Benim için medâr-ı fahr ve gurur olacak bir liyâkatim ve istihkākım olmadığını kasemle i‘tirâf ediyorum. Ben çekirdek gibi çürüdüm ve kurudum. Bütün kıymet ve hayat ve şeref o çekirdekten çıkan şecere-i Risâle-i Nûr’a ve mu’cize-i maneviye-i Kur’âniyeye geçmiş biliyorum. Ve öyle i‘tikād ettiğimden, kerâmeti i‘câz-ı Kur’ânî hesabına izhâr ederim. Bütün kıymet bir mu‘cize-i Kur’âniye olan Risâle-i Nûr’dadır. Hatta eskiden beri taşıdığım Bedîüzzaman ismi onun imiş. Yine ona iâde edildi. Risâle-i Nûr ise, Kur’ân’ın malıdır. Bu remizde hususî kanâatimi te’yîd eden kendime mahsûs çok emâreler ve karîneler var. Fakat başkalara isbat edemediğimden yazamıyorum.[2]

Benim övünülecek bir meziyetim veya bu nimete layık bir durumum olmadığını kesin bir şekilde kabul ediyorum.[3] Kendimi, çürüyüp kuruyan bir çekirdek gibi görüyorum. Değer, hayat ve şeref ise o çekirdekten büyüyen Risale-i Nur ağacına ve Kur’ân’ın manevi mucizesine aittir. Bu inançla, kerâmeti kendi adıma değil, Kur’ân’ın bir mucizesi olarak ilan ediyorum. Tüm değer, Kur’ân’ın bir mucizesi olan Risale-i Nur’a aittir. Hatta daha önce bana verilen "Bediüzzaman"[4] yani “zamanın eşsizi” unvanının aslında Risale-i Nur’a ait olduğunu düşünüyorum ve onu ona iade verdim. Risale-i Nur, tamamen Kur’ân’ın malıdır. Bu düşüncemi destekleyen, şahsen gördüğüm birçok işaret ve delil var, ancak bunları başkalarına kesin olarak ispat edemediğim için yazmıyorum.

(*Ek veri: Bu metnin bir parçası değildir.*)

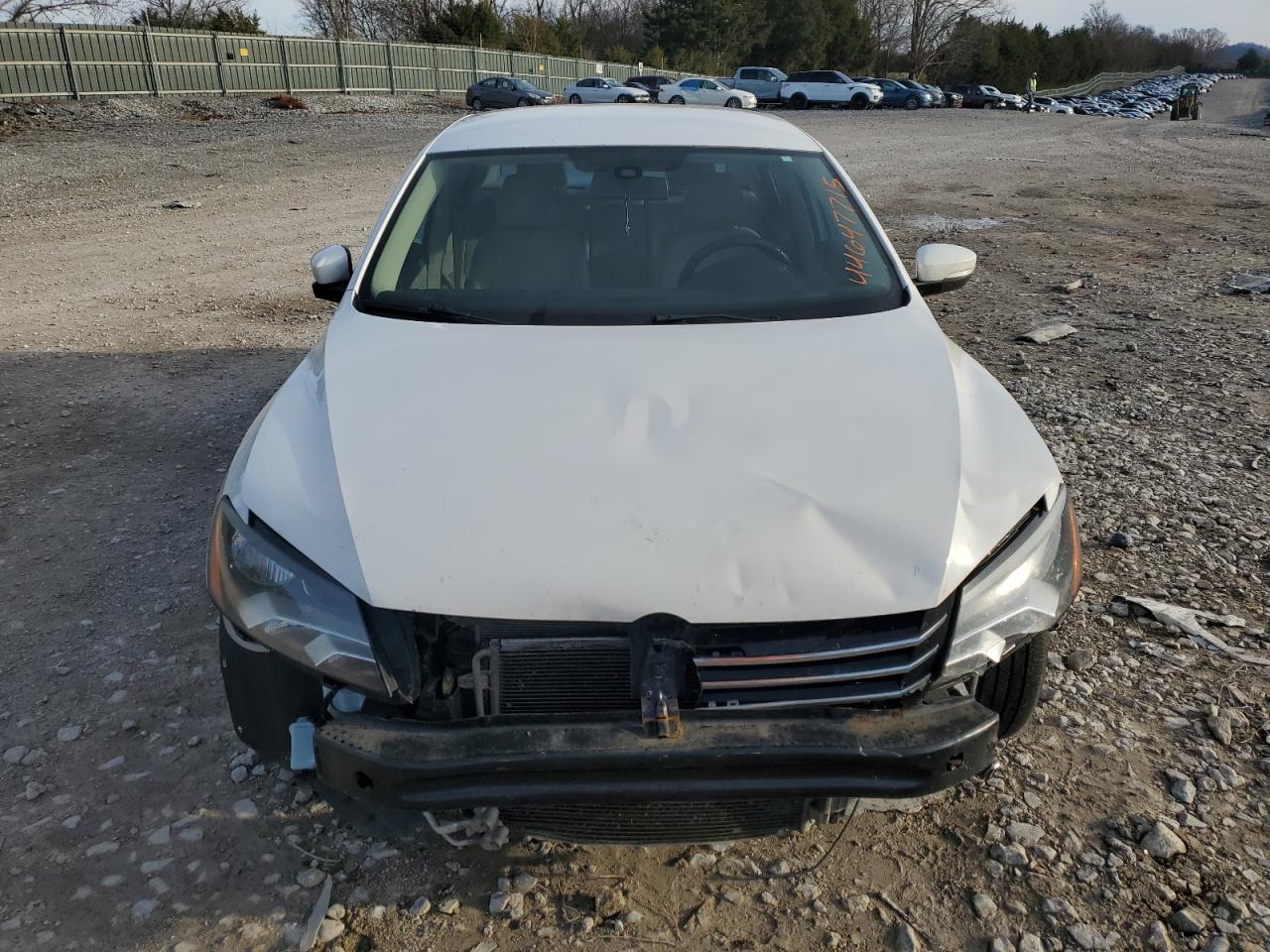 2015 Volkswagen Passat - Image 5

[1] Keramet: İkram etmek, ihsan etmek şereflendirmek manasındadır. Tasavvufta salih bir kulun elinde görünen harikulade olaydır. Keramet iki sınıfa ayrılır. Birisi, manevi keramettir ki, istikamette olmak, Allah'ın emir ve yasaklarına riayet etmek, müntesiblerini maddi ve manevi olgunluğa eriştirmektir ki en büyük keramet budur diye rivayet edilir. İkincisi ise, Allah'ın emir ve yasaklarına tam uyan, hakiki müslüman olan, Allah hakkında tam bir marifet sahibi olan zatların elinde görülen harikulade olaylardır.

[2] Bediüzzaman Said Nursi, Sikke-i Tasdik-i Gaybi, Hayrat Neşriyat, Isparta 2015, s. 116

[3] Burada ve bundan sonra gelecek ifadeler Üstad Hazretleri’nin tevazusunu göstermektedir. Zira kendisi Risale-i Nurlar’ın müellifi, 20. yüzyılın müceddidi olmak ve diğer birçok özelliği ile büyük bir İslâm âlimidir.  Fakat kendisi bütün hayatını mahviyetkarane ve tevazu ile geçirdiği için bu cümleleri sarf etmiştir. O bu özelliğiyle biz talebelerine örnek olmaktadır.